Sauf que, sauf que… dimanche dernier, vers 18h du matin, peu après le café et les croissants, le téléphone sonne ! Miracle ? Non, juste un des mécréants qui m’accompagnent lors de mes passages au purgatoire du samedi. «Eh, tu fous quelque chose ce soir?», «Ben j’hésitais entre réviser mes tables de physique quantique, comme ça pour le plaisir, ou me lancer dans une partie en réseau de morpion, mais vas-y, propose toujours», «Ça te dit, Real-Barça dans un centre espagnol ce soir ?», «On peut venir en survêt’ ?», «Ben ouais !», «Bon ok. À toute !»

Ça tombe bien, ça fait trois semaines que je bassine mes acolytes de soirées «football-TV» que le Real va carrer une mine au Barça. Non pas que j’aie plus ou moins d’affection pour l’une ou l’autre des deux équipes, mais je le sentais, c’est tout. Capello est en train de se faire un peu trop malmener dernièrement pour ne pas nous réserver une des surprises dont il a le secret.
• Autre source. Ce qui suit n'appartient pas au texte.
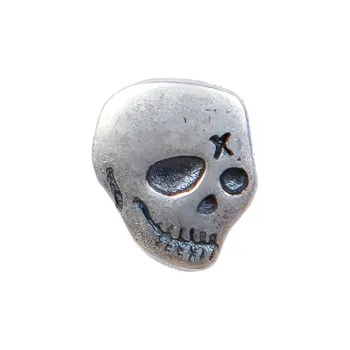 BLESSED BULLET Alloy Stud Earrings Men's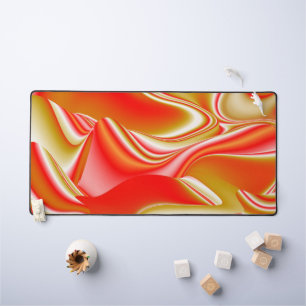 Love and Gold Abstrait 3D Rainbowart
Bref, c’est l’occasion rêvée de frimer devant les copains.

Le grand rassemblement

20 h : arrivée au centre espagnol. Moi qui braillais sur cette idée de rendez-vous une heure avant le match, j’aurais mieux fait de la fermer… Mais en même temps, j’eus une révélation. Je me suis soudain souvenu de ce qui fait la splendeur du football, dont la beauté m’est apparue en un éclat. Au moins 200 personnes qui attendent comme moi qu’ait lieu la messe annuelle, amassés dans un espace bien trop petit pour tant de passion. Et bien d’autres vont nous rejoindre dans notre communion d’ici au coup d’envoi : des familles, des jeunes, des vieux, des jeans et des costards, des Espagnols bien sûr, mais aussi des Italiens, des Sud-Américains, des Africains, des Asiatiques. On dirait que le monde entier s’arrête pour assister à cette rencontre, tous agglutinés devant le même écran. Ce soir, c’est sûr, il n’y a plus de différence pour personne, on est tous un peuple : des fanatiques de ballon rond. Écoute Dieu, je t’ai laissé en paix depuis un moment, mais là, fais que ça commence, c’est trop beau !

Le choc des titans

21h : coup d’envoi. Du match et de la deuxième chope de bière. Finies les discussions, cette fois ça joue. Et nous, les 400, 4000 ou 40’000 clients de ce centre espagnol, nous sommes tous au Bernabeu, à assister au spectacle.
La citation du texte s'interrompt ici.